_Required work_: Below are entries with pictures among them; reproduce exactly, and only, the lines from the one containing "ローマにあるヴィアレ ジュリオ チェザーレ" down to the one containing "My Aegean Gem", without the pictures.

_Input records_:
Segment Open

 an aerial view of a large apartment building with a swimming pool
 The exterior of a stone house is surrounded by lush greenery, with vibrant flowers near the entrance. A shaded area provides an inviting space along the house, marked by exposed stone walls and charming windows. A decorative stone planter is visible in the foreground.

Segment Closed
Segment Open

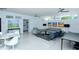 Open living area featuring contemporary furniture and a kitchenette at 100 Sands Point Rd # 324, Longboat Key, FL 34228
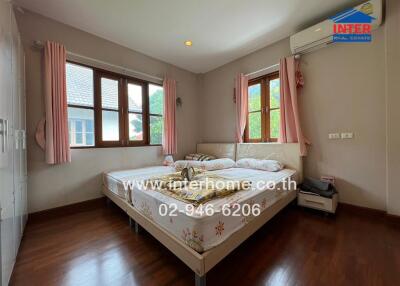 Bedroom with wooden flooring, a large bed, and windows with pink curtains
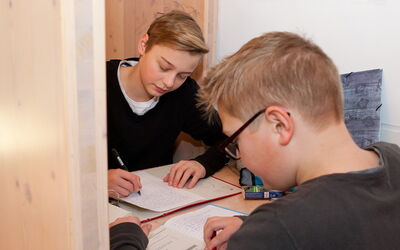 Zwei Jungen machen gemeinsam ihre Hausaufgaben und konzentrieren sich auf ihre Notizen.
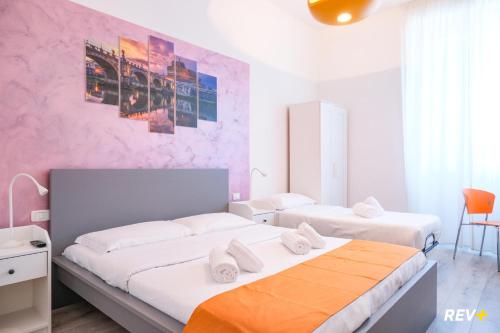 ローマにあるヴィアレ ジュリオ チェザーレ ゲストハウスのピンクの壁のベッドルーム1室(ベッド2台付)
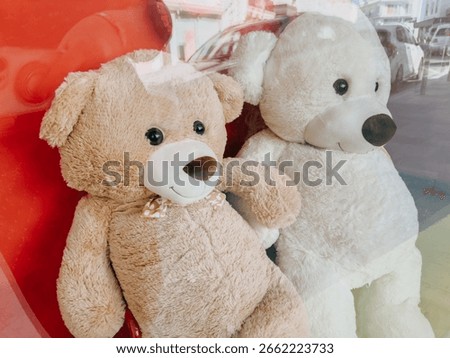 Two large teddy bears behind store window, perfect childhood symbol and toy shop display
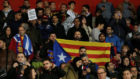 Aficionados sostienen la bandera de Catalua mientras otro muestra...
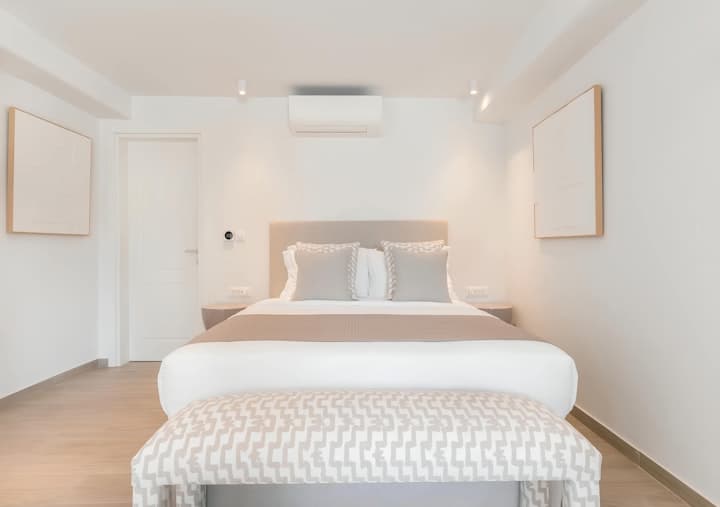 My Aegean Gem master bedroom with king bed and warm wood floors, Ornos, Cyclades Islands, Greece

Segment Closed

_Expected answer_:
 ローマにあるヴィアレ ジュリオ チェザーレ ゲストハウスのピンクの壁のベッドルーム1室(ベッド2台付)
 Two large teddy bears behind store window, perfect childhood symbol and toy shop display
 Aficionados sostienen la bandera de Catalua mientras otro muestra...
 My Aegean Gem master bedroom with king bed and warm wood floors, Ornos, Cyclades Islands, Greece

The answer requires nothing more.